ACTL Selects Arizona Justice Project as 2021 Emil Gumpert Award Recipient

$100,000 Grant to ensure sentencing integrity and a meaningful opportunity for release of currently imprisoned individuals in front of the Parole Board and Board of Executive Clemency

PHOENIX, ARIZONA. (May 13, 2021) - The American College of Trial Lawyers (ACTL) has selected the Arizona Justice Project (AJP) as the 2021 Emil Gumpert Award recipient. The AJP is being recognized for its proposal to ensure sentencing integrity, a meaningful opportunity for release, and expand its capacity to represent individuals at parole or clemency proceedings by creating trainings and materials for others to get involved in this meaningful work.

The award, the highest honor conferred by the American College of Trial Lawyers on a single organization annually, recognizes programs whose principal purpose is to maintain and improve the administration of justice. It comes with a $100,000 grant.

“The Arizona Justice Project is thrilled to be named the 2021 Emil Gumpert Award recipient. This award will allow the Justice Project to expand our reach in creating a meaningful opportunity at release for hundreds of individuals who would otherwise languish in prison and help people prepare for a parole hearing and plan for re-entry into society,” said Lindsay Herf, Executive Director of the Arizona Justice Project.

The Program’s primary goal is to ensure a legal path to parole for individuals who were promised a chance at release from prison and to develop materials that can be used by attorneys, volunteers, and prisoners on how to prepare for a parole hearing and plan for a successful re-entry back into society. In Arizona, as well as in other states across the country, prisoners are not entitled to counsel before a parole hearing. This program may offer their only opportunity to receive legal representation.

The $100,000 grant will expand the small, but already impactful existing program initiated by the Arizona Justice Project. This program will directly impact hundreds of people in Arizona in helping them with a chance at release and will connect people in other states to resources needed to help them prepare for life after incarceration.

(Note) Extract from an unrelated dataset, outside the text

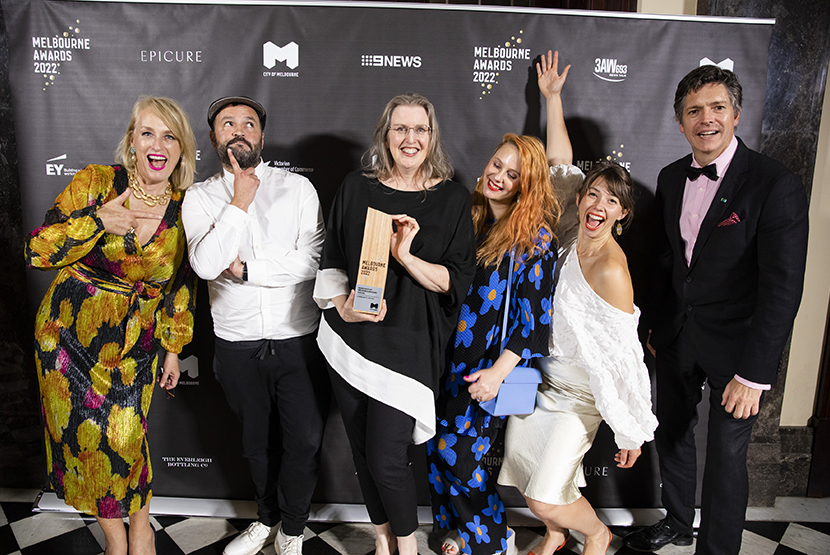 Kensington Neighbourhood House a Melbourne Award winner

“I am honored to present our Emil Gumpert Award to a program that has touched so many lives,” said ACTL President Rodney Acker. “By providing access to justice for incarcerated individuals through integrity and sentencing fairness, the AJP is actively upholding the mission of the Emil Gumpert award. The $100,000 grant provided by our Foundation will help the AJP expand their capacity to provide important services and access to counsel for individuals denied parole hearings due to contradictory “Truth in Sentencing” legislation in Arizona’s criminal justice system. The College is proud to support such a worthy project.”

About the Emil Gumpert Award

The Emil Gumpert Award is the highest honor conferred by the College on any organization and was established to recognize programs whose principal purpose is to maintain and improve the administration of justice. The programs considered may be associated with courts, law schools, bar associations or any other organization that provides such a program. This award is made in honor of the late Honorable Emil Gumpert, Chancellor-Founder of the American College of Trial Lawyers. Judge Gumpert, throughout his more than half-century professional career as an eminent trial lawyer, State Bar president and trial judge, substantially and effectively devoted himself to the administration of justice and to the improvement of trial practice.

About the American College of Trial Lawyers

The American College of Trial Lawyers comprises the best of the trial bar from the United States, Canada and Puerto Rico and is widely considered to be the premier professional trial organization in North America. Founded in 1950, the College is an invitation only fellowship. The College thoroughly investigates each nominee for admission and selects only those who have demonstrated the very highest standards of trial advocacy, ethical conduct, integrity, professionalism and collegiality. The College maintains and seeks to improve the standards of trial practice, professionalism, ethics, and the administration of justice through education and public statements on important legal issues relating to its mission. The College strongly supports the independence of the judiciary, trial by jury, respect for the rule of law, access to justice, and fair and just representation of all parties to legal proceedings.